The San Diego Unified School District, acting on a measure passed last June by the school board, served up the district’s first Meatless Monday to elementary schools and by all accounts the students passed with flying colors and full stomachs, eating up delicious meals like veggie burgers, locally grown fruits and vegetables, even sunflower seed-butter and jelly sandwiches.
The San Diego school district has been actively promoting better nutrition to students for years, offering choices like a salad bar and a vegetarian meal on the daily menu. Meatless Monday reinforces this commitment to healthier eating, while introducing children—and their parents—to the concept of cutting meat once a week to do something good for themselves and do something good for the planet.
Like hundreds of other schools across the country, one reason the San Diego Board of Education committed to Meatless Monday is timing.

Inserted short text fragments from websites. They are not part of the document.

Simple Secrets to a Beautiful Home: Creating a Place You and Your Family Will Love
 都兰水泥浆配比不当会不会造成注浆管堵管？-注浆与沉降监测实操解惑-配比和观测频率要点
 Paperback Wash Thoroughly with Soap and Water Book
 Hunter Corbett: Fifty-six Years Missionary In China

“We want to get the children while they’re young, teach them good eating habits, teach them about how to compose and make a salad, to make the right choices,” said Gary Petill, Director of Food Services, to NBC affiliate, KNSD.
Substituting meats and other high-fat, processed foods with fresh fruits and vegetables will help reduce the 28% childhood obesity rate in San Diego.
Coinciding with a five-year, $750,000 federal program that will offer students classes in nutrition and healthy eating, Meatless Monday gives kids a chance to apply the lessons from the classroom and make better choices in the cafeteria.
Meatless Monday is healthy for the local economy, as well. Serving 150,000 meals a day, San Diego schools already spend $350,000 annually–10% of their budget–on California-grown produce, pumping tax dollars back to area farmers. Meatless Monday, by bringing more locally grown produce into the school once a week, will further boost the amount spent with local businesses.